The task for the listing below is to write out exactly the lines starting at the one containing "2025 Regal LS9" and ending at the one containing "コールマン スクリーンキャノピージョイントタープIII スクリーン", both included. Pictures are to be omitted.

#### THE DATA ####

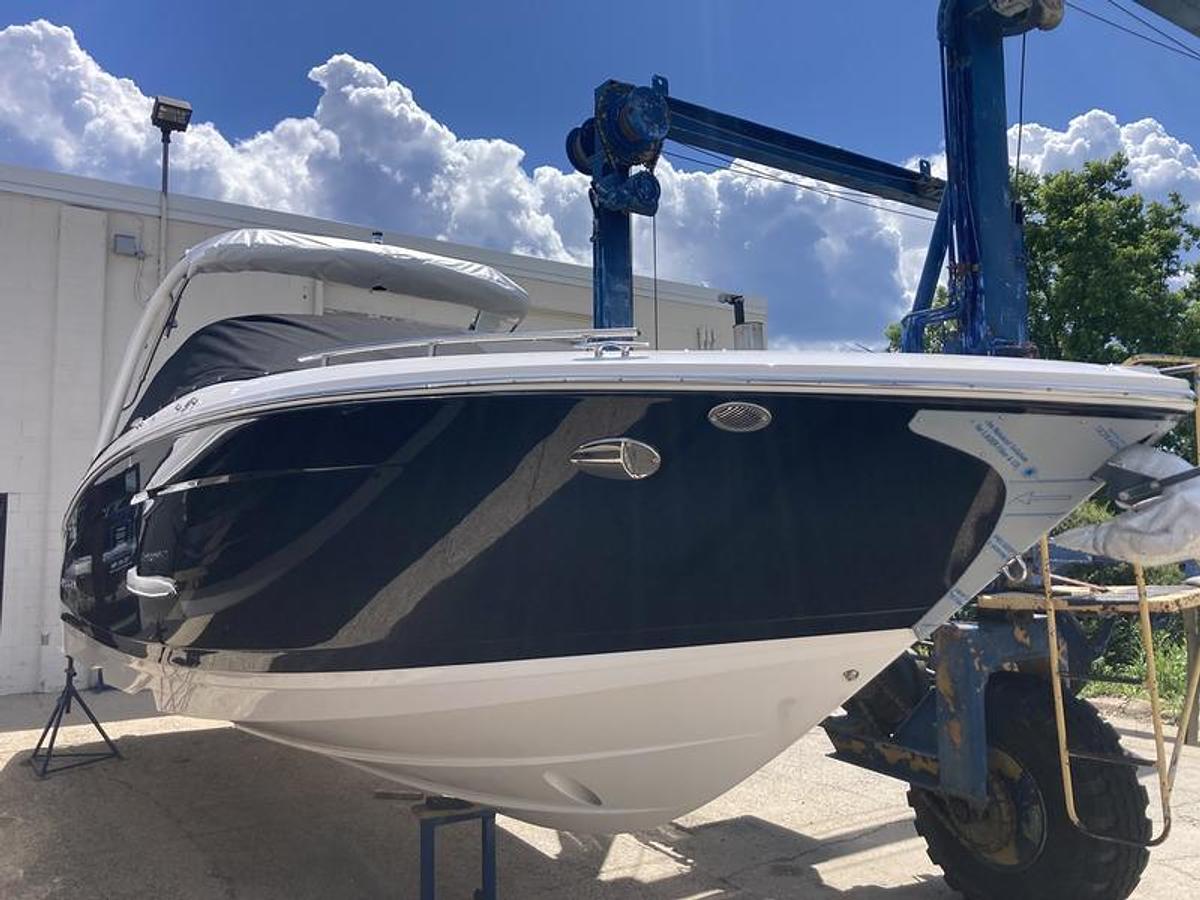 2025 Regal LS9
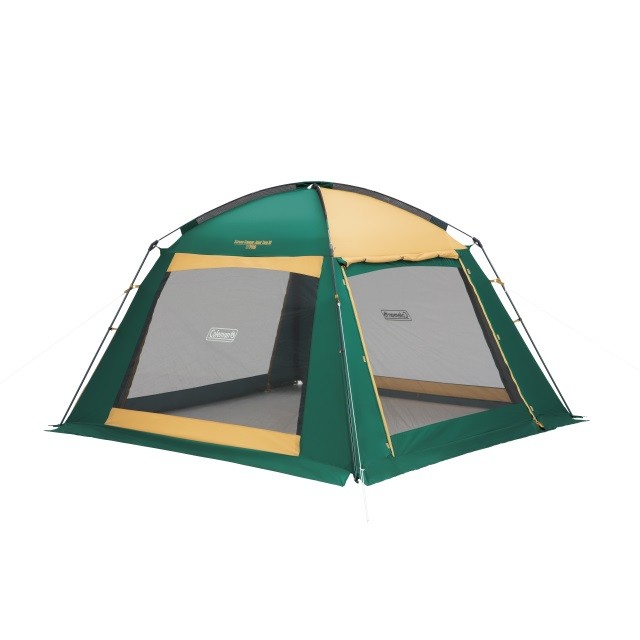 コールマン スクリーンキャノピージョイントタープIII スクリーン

####
#### THE DATA ####

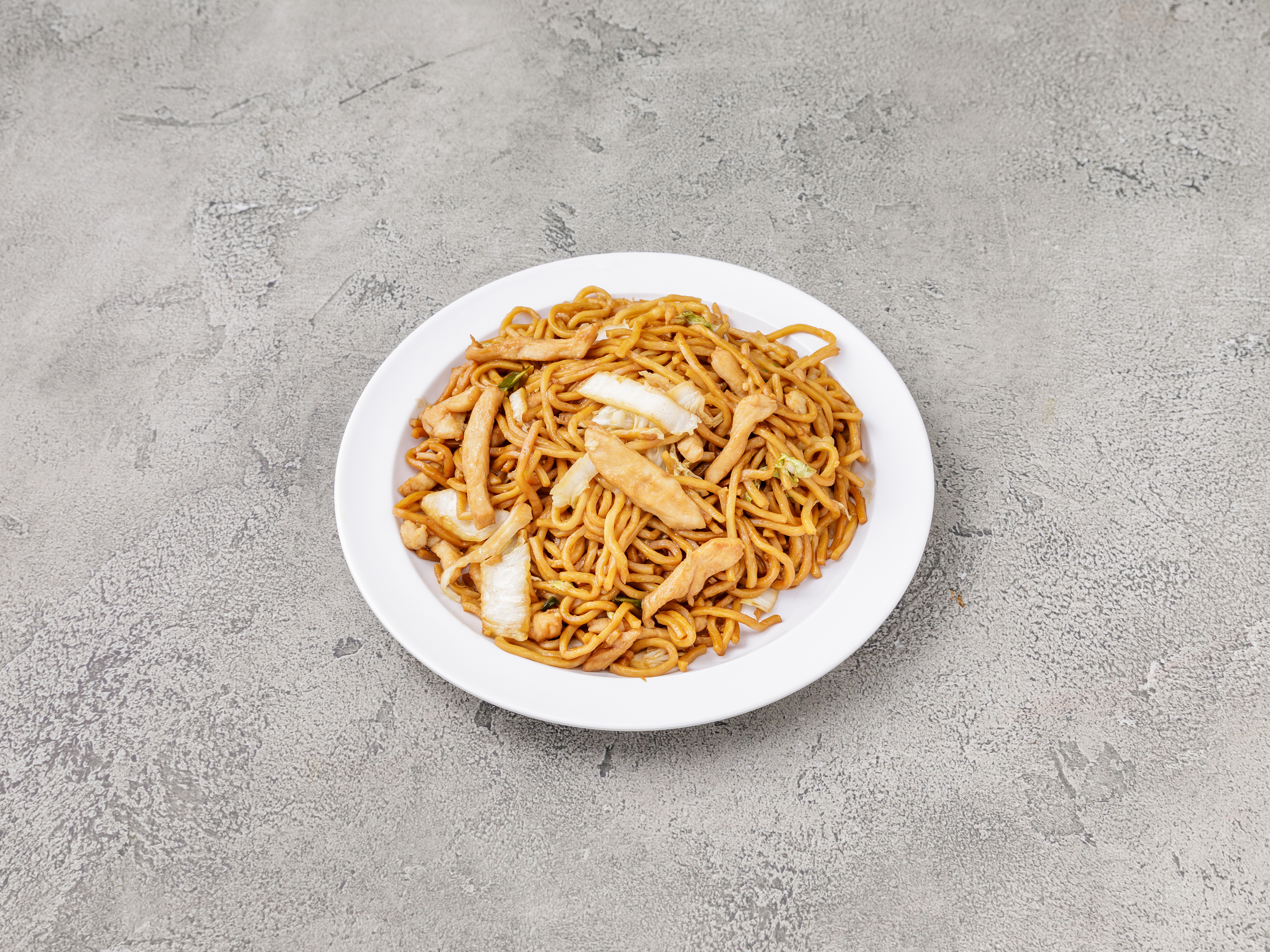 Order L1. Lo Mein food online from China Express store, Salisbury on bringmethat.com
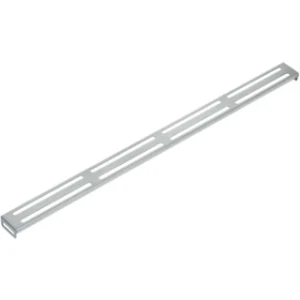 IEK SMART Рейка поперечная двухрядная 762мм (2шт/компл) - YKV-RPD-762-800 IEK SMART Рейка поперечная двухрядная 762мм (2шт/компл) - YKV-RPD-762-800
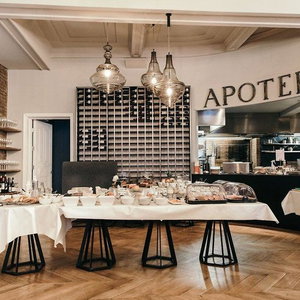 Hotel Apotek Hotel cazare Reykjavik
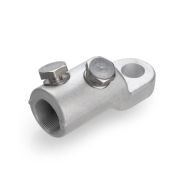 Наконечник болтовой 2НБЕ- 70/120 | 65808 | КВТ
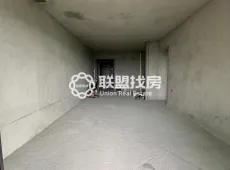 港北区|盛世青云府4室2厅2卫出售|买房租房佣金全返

####
#### THE DATA ####

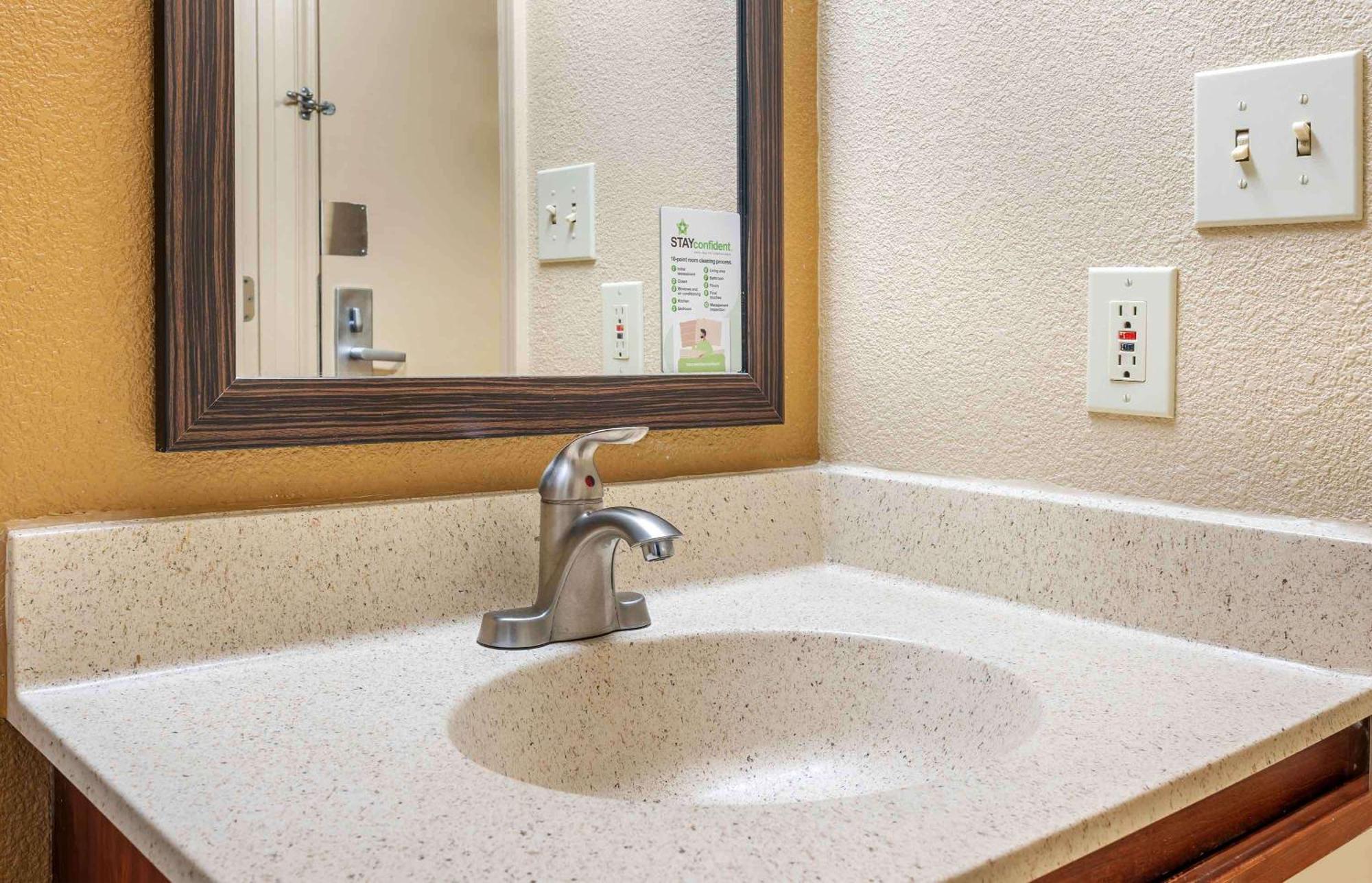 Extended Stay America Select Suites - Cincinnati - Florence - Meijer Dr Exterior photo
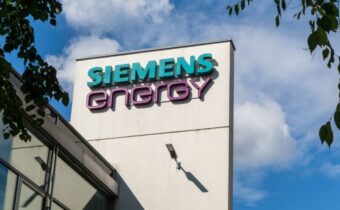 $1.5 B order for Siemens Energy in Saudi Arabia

####

▶ _TASK RESULT_
 2025 Regal LS9
 コールマン スクリーンキャノピージョイントタープIII スクリーン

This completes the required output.